Being honest is definitely not going to be the easiest task. It leaves you vulnerable. You are putting your heart on the table and then telling them that they can't have it. Now what will they do to your heart? That is basically what makes it hard. You may not want to see her cry. You may not want him to blow you off. You may just want to keep them smiling. Then again, how can you when you are leaving them alone?

Know What You Are Going to Say

Cliché as this may seem… practice in the mirror a few times. Write down what you are going to say. Get it right in your head. There is nothing like bringing up irrelevant information to make the conversation go awry. Then you are only picking bones and not being truly honest. Or you may say something that you will regret later.

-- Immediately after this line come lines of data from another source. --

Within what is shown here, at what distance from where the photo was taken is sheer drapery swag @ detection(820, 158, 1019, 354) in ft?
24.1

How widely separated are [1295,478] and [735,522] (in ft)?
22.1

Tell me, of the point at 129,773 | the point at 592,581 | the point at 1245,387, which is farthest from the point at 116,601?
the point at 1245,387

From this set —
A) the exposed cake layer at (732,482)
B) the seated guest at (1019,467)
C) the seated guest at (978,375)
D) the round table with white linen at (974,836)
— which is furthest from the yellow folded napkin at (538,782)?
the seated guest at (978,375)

Know where you stand. And stand your ground. Before you get there for the conversation you should be sure that this is what you really want. There is no bigger turn off than indecisiveness.

Don't let a break up be a passion break up. I mean these things happen. But if you go over it in your head first, you may decide that it is silly and you want to work things out. So going over what to say first, can bring a lot of clarity and save you from possible heartache.

Say What You Gotta Say

Now you have practiced your honest approach and got it right. Don't forget to say it to him/her soon. Waiting will only prove to punk you out. Then you will stay where you are not happy. You will mull over it again and try to reconsider the inevitable. Don't do this to yourself. Go through with it. If you truly care for the other person, then you won't keep them in limbo on your decision.

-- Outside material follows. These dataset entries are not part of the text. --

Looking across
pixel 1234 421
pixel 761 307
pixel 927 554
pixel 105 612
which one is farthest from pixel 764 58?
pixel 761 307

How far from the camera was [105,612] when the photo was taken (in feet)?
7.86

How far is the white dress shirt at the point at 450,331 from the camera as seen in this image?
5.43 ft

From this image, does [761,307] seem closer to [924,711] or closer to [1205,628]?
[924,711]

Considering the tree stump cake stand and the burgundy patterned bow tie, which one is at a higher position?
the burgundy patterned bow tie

I don't care if you have to read it off a piece of paper. Let the other person know how you feel. If you can't bear reading it, hand them the letter. I don't personally like this one, because it's so impersonal, but if you must, send them the letter or write them a note. Just let them know and let them know now! Waiting only makes it worse.

Stand Your Ground

Once you have honestly stated your resolve, and then stick with it. Walk away and don't turn back. If you decided to remain friends, then give yourself the needed time to get over the love feelings. If you decided that the person is no friend, then cut off all ties. There is nothing as bad as a roller coaster relationship. It zaps the life right out of you and puts extra baggage in your hands to take into the next relationship.

Love yourself enough to choose a mate that resonates with you and you resonate with them. You should never feel the need to change the one you are with. You should never change yourself for anyone else either. Happiness with your mate is very much possible. Don't try to fit the corner piece in the middle of the puzzle. Find the piece that goes next to it.

I hope this was helpful in some way. Be strong.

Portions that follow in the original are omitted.